* THE PROBLEM
Return every line of the data below, exactly.

* SOURCE RECORDS

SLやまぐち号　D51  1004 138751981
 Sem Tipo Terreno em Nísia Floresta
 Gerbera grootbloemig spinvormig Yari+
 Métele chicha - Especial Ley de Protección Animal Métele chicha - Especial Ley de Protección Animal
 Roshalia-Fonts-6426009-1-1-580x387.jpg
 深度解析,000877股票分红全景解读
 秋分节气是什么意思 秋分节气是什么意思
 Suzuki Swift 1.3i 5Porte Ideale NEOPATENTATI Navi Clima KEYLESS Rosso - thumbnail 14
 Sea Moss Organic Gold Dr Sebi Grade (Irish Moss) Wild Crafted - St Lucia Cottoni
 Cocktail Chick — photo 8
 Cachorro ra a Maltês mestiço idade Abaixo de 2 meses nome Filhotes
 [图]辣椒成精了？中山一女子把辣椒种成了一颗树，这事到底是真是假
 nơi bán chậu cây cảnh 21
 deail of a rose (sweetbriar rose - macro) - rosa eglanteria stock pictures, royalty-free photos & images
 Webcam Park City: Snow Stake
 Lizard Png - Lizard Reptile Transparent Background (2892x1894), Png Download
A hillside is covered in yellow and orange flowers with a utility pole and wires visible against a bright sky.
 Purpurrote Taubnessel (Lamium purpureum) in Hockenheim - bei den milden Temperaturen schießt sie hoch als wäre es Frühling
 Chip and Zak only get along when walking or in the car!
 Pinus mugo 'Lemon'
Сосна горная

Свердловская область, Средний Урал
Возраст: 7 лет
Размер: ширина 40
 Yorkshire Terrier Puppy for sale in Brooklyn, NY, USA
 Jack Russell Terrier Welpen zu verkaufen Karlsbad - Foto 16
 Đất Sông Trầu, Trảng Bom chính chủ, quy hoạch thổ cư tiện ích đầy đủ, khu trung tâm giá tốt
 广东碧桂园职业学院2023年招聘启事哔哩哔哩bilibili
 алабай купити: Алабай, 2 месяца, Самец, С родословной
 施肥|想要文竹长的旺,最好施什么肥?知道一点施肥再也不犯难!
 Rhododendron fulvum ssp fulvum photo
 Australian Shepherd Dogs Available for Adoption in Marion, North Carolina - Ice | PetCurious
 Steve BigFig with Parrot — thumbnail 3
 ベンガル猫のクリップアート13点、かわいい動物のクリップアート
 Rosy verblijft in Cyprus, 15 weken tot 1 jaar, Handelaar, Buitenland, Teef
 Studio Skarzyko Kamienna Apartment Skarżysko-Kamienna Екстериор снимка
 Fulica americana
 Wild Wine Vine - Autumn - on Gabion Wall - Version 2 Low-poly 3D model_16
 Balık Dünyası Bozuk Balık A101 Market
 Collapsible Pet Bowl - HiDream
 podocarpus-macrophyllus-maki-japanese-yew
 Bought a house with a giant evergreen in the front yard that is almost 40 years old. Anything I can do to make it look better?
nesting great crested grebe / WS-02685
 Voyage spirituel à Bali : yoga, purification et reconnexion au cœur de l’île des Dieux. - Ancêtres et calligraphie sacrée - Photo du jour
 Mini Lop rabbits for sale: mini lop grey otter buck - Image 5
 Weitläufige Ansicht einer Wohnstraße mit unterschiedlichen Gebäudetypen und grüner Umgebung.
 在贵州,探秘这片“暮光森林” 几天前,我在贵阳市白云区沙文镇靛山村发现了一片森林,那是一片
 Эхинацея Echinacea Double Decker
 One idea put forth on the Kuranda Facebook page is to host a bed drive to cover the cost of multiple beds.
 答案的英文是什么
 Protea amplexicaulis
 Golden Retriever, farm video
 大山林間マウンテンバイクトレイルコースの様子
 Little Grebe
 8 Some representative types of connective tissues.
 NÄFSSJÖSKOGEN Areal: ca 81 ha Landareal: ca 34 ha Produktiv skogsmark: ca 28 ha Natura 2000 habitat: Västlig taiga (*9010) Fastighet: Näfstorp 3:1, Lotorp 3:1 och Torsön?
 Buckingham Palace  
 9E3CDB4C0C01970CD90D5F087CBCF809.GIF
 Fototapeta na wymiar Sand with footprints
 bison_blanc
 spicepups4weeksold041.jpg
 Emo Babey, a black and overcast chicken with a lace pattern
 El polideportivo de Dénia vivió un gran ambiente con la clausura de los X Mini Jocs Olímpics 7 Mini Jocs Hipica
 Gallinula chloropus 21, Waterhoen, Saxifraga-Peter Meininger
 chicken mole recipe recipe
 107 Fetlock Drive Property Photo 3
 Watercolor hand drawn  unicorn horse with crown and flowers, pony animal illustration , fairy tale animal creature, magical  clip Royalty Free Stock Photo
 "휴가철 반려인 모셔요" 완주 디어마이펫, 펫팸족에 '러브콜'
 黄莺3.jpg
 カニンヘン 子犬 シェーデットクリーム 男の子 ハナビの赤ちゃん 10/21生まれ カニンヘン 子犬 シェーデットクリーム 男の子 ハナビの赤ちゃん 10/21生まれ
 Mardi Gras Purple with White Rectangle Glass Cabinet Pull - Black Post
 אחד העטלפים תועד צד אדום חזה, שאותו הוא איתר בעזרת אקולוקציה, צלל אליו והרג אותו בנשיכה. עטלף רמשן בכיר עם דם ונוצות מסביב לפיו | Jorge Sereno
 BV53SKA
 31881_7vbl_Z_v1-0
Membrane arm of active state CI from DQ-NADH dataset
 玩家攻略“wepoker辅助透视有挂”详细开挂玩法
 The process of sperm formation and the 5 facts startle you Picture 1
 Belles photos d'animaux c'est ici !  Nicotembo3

* EXERCISE RESULT
SLやまぐち号　D51  1004 138751981
 Sem Tipo Terreno em Nísia Floresta
 Gerbera grootbloemig spinvormig Yari+
 Métele chicha - Especial Ley de Protección Animal Métele chicha - Especial Ley de Protección Animal
 Roshalia-Fonts-6426009-1-1-580x387.jpg
 深度解析,000877股票分红全景解读
 秋分节气是什么意思 秋分节气是什么意思
 Suzuki Swift 1.3i 5Porte Ideale NEOPATENTATI Navi Clima KEYLESS Rosso - thumbnail 14
 Sea Moss Organic Gold Dr Sebi Grade (Irish Moss) Wild Crafted - St Lucia Cottoni
 Cocktail Chick — photo 8
 Cachorro ra a Maltês mestiço idade Abaixo de 2 meses nome Filhotes
 [图]辣椒成精了？中山一女子把辣椒种成了一颗树，这事到底是真是假
 nơi bán chậu cây cảnh 21
 deail of a rose (sweetbriar rose - macro) - rosa eglanteria stock pictures, royalty-free photos & images
 Webcam Park City: Snow Stake
 Lizard Png - Lizard Reptile Transparent Background (2892x1894), Png Download
A hillside is covered in yellow and orange flowers with a utility pole and wires visible against a bright sky.
 Purpurrote Taubnessel (Lamium purpureum) in Hockenheim - bei den milden Temperaturen schießt sie hoch als wäre es Frühling
 Chip and Zak only get along when walking or in the car!
 Pinus mugo 'Lemon'
Сосна горная

Свердловская область, Средний Урал
Возраст: 7 лет
Размер: ширина 40
 Yorkshire Terrier Puppy for sale in Brooklyn, NY, USA
 Jack Russell Terrier Welpen zu verkaufen Karlsbad - Foto 16
 Đất Sông Trầu, Trảng Bom chính chủ, quy hoạch thổ cư tiện ích đầy đủ, khu trung tâm giá tốt
 广东碧桂园职业学院2023年招聘启事哔哩哔哩bilibili
 алабай купити: Алабай, 2 месяца, Самец, С родословной
 施肥|想要文竹长的旺,最好施什么肥?知道一点施肥再也不犯难!
 Rhododendron fulvum ssp fulvum photo
 Australian Shepherd Dogs Available for Adoption in Marion, North Carolina - Ice | PetCurious
 Steve BigFig with Parrot — thumbnail 3
 ベンガル猫のクリップアート13点、かわいい動物のクリップアート
 Rosy verblijft in Cyprus, 15 weken tot 1 jaar, Handelaar, Buitenland, Teef
 Studio Skarzyko Kamienna Apartment Skarżysko-Kamienna Екстериор снимка
 Fulica americana
 Wild Wine Vine - Autumn - on Gabion Wall - Version 2 Low-poly 3D model_16
 Balık Dünyası Bozuk Balık A101 Market
 Collapsible Pet Bowl - HiDream
 podocarpus-macrophyllus-maki-japanese-yew
 Bought a house with a giant evergreen in the front yard that is almost 40 years old. Anything I can do to make it look better?
nesting great crested grebe / WS-02685
 Voyage spirituel à Bali : yoga, purification et reconnexion au cœur de l’île des Dieux. - Ancêtres et calligraphie sacrée - Photo du jour
 Mini Lop rabbits for sale: mini lop grey otter buck - Image 5
 Weitläufige Ansicht einer Wohnstraße mit unterschiedlichen Gebäudetypen und grüner Umgebung.
 在贵州,探秘这片“暮光森林” 几天前,我在贵阳市白云区沙文镇靛山村发现了一片森林,那是一片
 Эхинацея Echinacea Double Decker
 One idea put forth on the Kuranda Facebook page is to host a bed drive to cover the cost of multiple beds.
 答案的英文是什么
 Protea amplexicaulis
 Golden Retriever, farm video
 大山林間マウンテンバイクトレイルコースの様子
 Little Grebe
 8 Some representative types of connective tissues.
 NÄFSSJÖSKOGEN Areal: ca 81 ha Landareal: ca 34 ha Produktiv skogsmark: ca 28 ha Natura 2000 habitat: Västlig taiga (*9010) Fastighet: Näfstorp 3:1, Lotorp 3:1 och Torsön?
 Buckingham Palace  
 9E3CDB4C0C01970CD90D5F087CBCF809.GIF
 Fototapeta na wymiar Sand with footprints
 bison_blanc
 spicepups4weeksold041.jpg
 Emo Babey, a black and overcast chicken with a lace pattern
 El polideportivo de Dénia vivió un gran ambiente con la clausura de los X Mini Jocs Olímpics 7 Mini Jocs Hipica
 Gallinula chloropus 21, Waterhoen, Saxifraga-Peter Meininger
 chicken mole recipe recipe
 107 Fetlock Drive Property Photo 3
 Watercolor hand drawn  unicorn horse with crown and flowers, pony animal illustration , fairy tale animal creature, magical  clip Royalty Free Stock Photo
 "휴가철 반려인 모셔요" 완주 디어마이펫, 펫팸족에 '러브콜'
 黄莺3.jpg
 カニンヘン 子犬 シェーデットクリーム 男の子 ハナビの赤ちゃん 10/21生まれ カニンヘン 子犬 シェーデットクリーム 男の子 ハナビの赤ちゃん 10/21生まれ
 Mardi Gras Purple with White Rectangle Glass Cabinet Pull - Black Post
 אחד העטלפים תועד צד אדום חזה, שאותו הוא איתר בעזרת אקולוקציה, צלל אליו והרג אותו בנשיכה. עטלף רמשן בכיר עם דם ונוצות מסביב לפיו | Jorge Sereno
 BV53SKA
 31881_7vbl_Z_v1-0
Membrane arm of active state CI from DQ-NADH dataset
 玩家攻略“wepoker辅助透视有挂”详细开挂玩法
 The process of sperm formation and the 5 facts startle you Picture 1
 Belles photos d'animaux c'est ici !  Nicotembo3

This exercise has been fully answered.